Além disso, a decisão determina que a atenuante deve ser aplicada em grau menor e não pode ser considerada preponderante em casos concorrentes com agravantes, especialmente quando a confissão diz respeito a fato de menor gravidade ou a circunstâncias que excluam a tipicidade, ilicitude ou culpabilidade.

O caso concreto analisado teve origem em recurso da Defensoria Pública da União, que contestou decisão do TRF4 pela não aplicação da atenuante, sob o argumento de que a confissão havia sido retratada e não influenciou o convencimento do juiz. O ministro Og Fernandes, em seu voto, ressaltou que a confissão deve ser tratada como um ato objetivo do investigado, sem necessidade de investigação de motivações ou sentimentos, desde que feita de forma espontânea e livre de pressões.

Segundo o relator, a jurisprudência do STJ já admitia a aplicação ampla da atenuante da confissão espontânea, independentemente do momento, da manutenção ao longo do processo ou do uso para formação da convicção do julgador. A decisão também esclarece que confissões parciais ou qualificadas devem ensejar atenuação em menor grau, e que a aplicação proporcional da atenuante é necessária para garantir isonomia entre os réus.

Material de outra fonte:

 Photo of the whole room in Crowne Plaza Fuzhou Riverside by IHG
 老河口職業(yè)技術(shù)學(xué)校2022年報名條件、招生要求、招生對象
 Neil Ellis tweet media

Em relação à retratação, o entendimento é que, embora a confissão perca validade como ato jurídico, se ela tiver contribuído de modo irreversível para a apuração da verdade, o réu ainda pode ser beneficiado pela atenuante. Por outro lado, se a confissão, posteriormente retratada, não influenciou a elucidação dos fatos, não justificará a redução da pena.

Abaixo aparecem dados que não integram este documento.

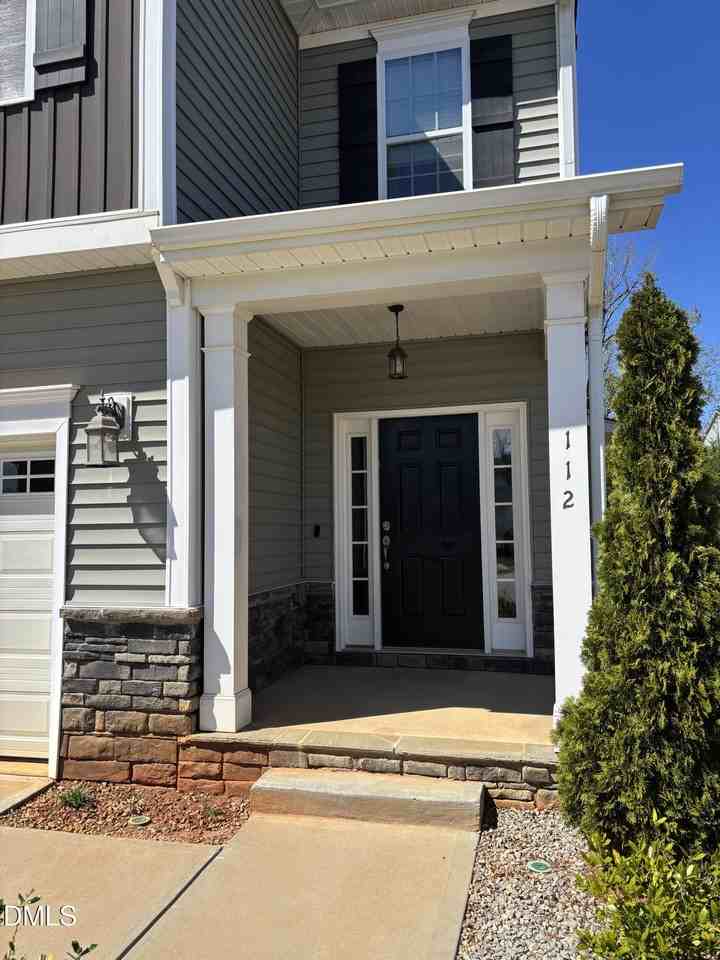 112 Edmer Ln - Photo 2 of 43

Como resultado, a Terceira Seção revisou os enunciados das Súmulas 545 e 630 para adequá-los ao novo entendimento. Agora, a confissão possibilita a atenuação da pena, mesmo sem influenciar o convencimento do julgador, e, nos casos do crime de tráfico de drogas, a redução será proporcionalmente menor se a confissão for parcial ou negar a prática do tráfico.

Por fim, a decisão modulou seus efeitos, restringindo eventuais prejuízos aos réus apenas a fatos ocorridos após a publicação do acórdão, visando preservar a segurança jurídica diante da alteração jurisprudencial.

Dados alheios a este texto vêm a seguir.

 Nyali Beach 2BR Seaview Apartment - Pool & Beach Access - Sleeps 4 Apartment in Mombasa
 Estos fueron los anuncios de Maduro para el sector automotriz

Impacto no Dia a Dia dos Advogados

A uniformização desse entendimento pelo STJ impacta diretamente a atuação de advogados criminalistas, defensores públicos e profissionais envolvidos na defesa penal. A partir de agora, a confissão espontânea poderá ser estrategicamente utilizada como elemento de defesa, mesmo que não influencie a convicção do julgador, ampliando o leque de argumentos para redução de pena. Advogados devem atentar para a necessidade de fundamentação adequada nos casos de confissão parcial, qualificada ou retratada, pois a atenuante poderá ser aplicada em grau variável. A decisão também exige atualização das teses defensivas e de peticionamento, além de influenciar recursos e audiências em processos penais em todo o país.